Em 2019, estreou no Rio o musical “Merlin e Arthur ao Som de Raul Seixas: Um Sonho de Liberdade”, que cruza a obra do baiano com a saga do mago Merlin e do rei Arthur. Também estão previstos os lançamentos dos livros “Raul Seixas Por Trás das Canções”, de Carlos Minuano; e “Raul Seixas: Não Diga Que a Canção Está Perdida”, de Jotabê Medeiros. Para completar, o álbum “Eu Não Sou Hippie”, registro de show feito em 1974 na cidade mineira de Patrocínio, será reeditado em LP duplo. Ainda sem data para o início das gravações, uma cinebiografia dirigida por Paulo Morelli já foi prometida. O Magazine aproveita a data para relembrar a história de sucessos de Raul.
“Como Vovó Já Dizia” (1974) – Raul Seixas
A figura da avó é tida, nas culturas orientais, como guardiã do conhecimento, mas recebeu de Raul Seixas um olhar rebelde, diferente da admiração demonstrada por Clara Nunes na música “Coisa da Antiga”, de Nei Lopes e Wilson Moreira. Raul, ao contrário, é irônico ao demonstrar, de maneira codificada, a argúcia de comportamentos considerados transgressores, como, por exemplo, o uso de drogas ilícitas.
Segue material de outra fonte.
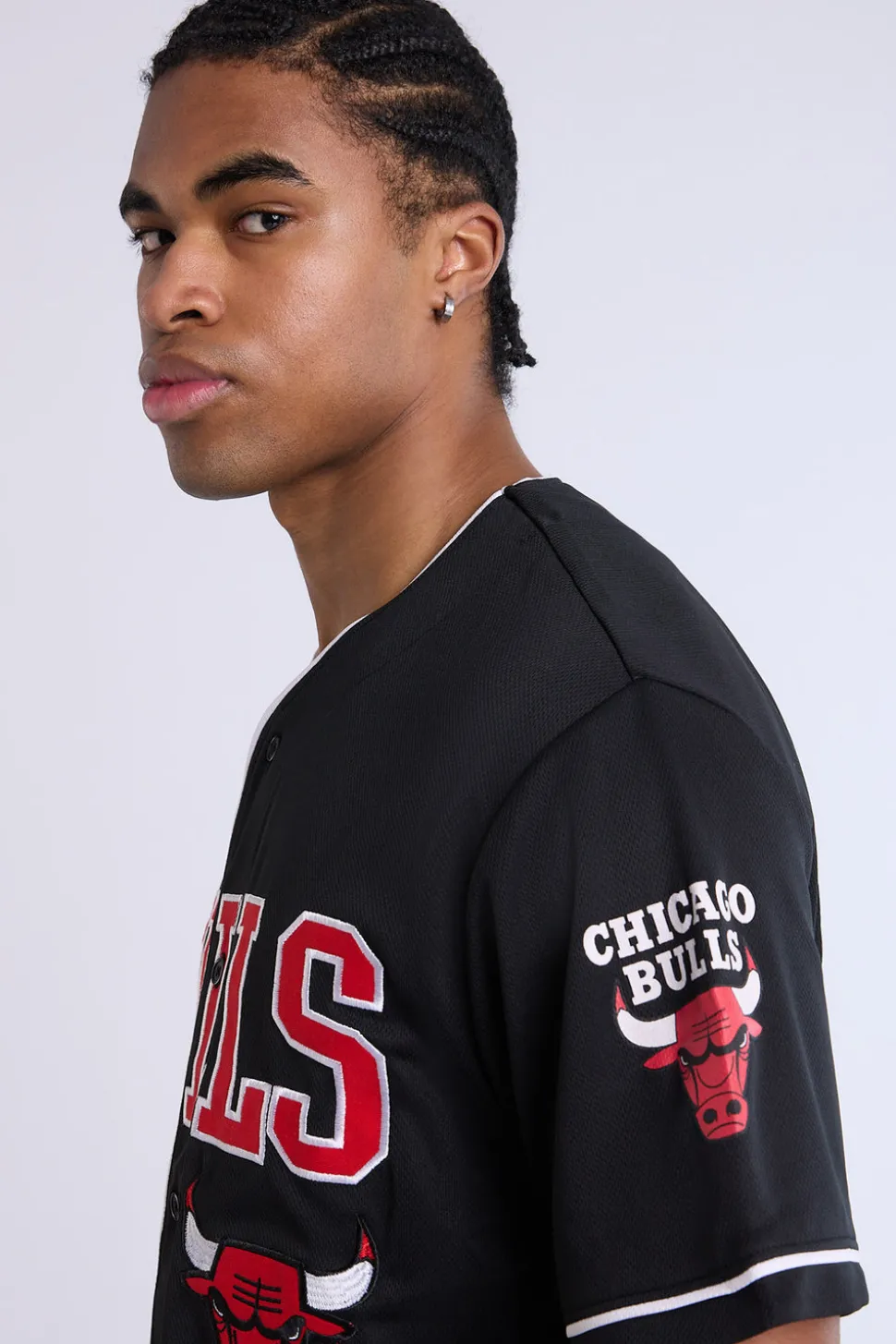 Mens Chicago Bulls Black Mesh Jersey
Nessa ladainha, ele reproduz um ensinamento da avó: “a banana é vitamina que engorda e faz crescer”, mas também rebate: “a formiga só trabalha porque não sabe cantar”.
“Medo da Chuva” (1974) – Raul Seixas e Paulo Coelho
Romântica em sua estrutura e na letra, que não se esquiva do melodrama, a música capta o momento de ruptura entre um casal, e as metáforas são claras: enquanto as pedras representam o conforto e o costume da segurança estéril e imóvel, a chuva surge como a renovação da vida em contínuo movimento. Como na mitologia grega, onde a sua imagem é uma das temíveis e poderosas, a chuva ganha o sentido da esperança: “Pois a chuva voltando pra terra/ Traz coisas do ar”, diz Raul, no auge dos anos 70.
“Tente Outra Vez” (1975) – Raul Seixas, Paulo Coelho e Marcelo Motta
Essa balada, lançada no disco “Novo Aeon”, sublinha a força de continuidade da vida. Foi com versos embebidos numa melodia de teor religioso que Raul, cuja canção é, ainda hoje, muitas vezes ligada ao universo da autoajuda, criou uma das músicas mais espirituosas de seu repertório, em todos os sentidos. Clássica, ela foi regravada por Sandra de Sá, Barão Vermelho, Chitãozinho & Xororó, Fábio Jr., Zezé di Camargo & Luciano e muitos outros.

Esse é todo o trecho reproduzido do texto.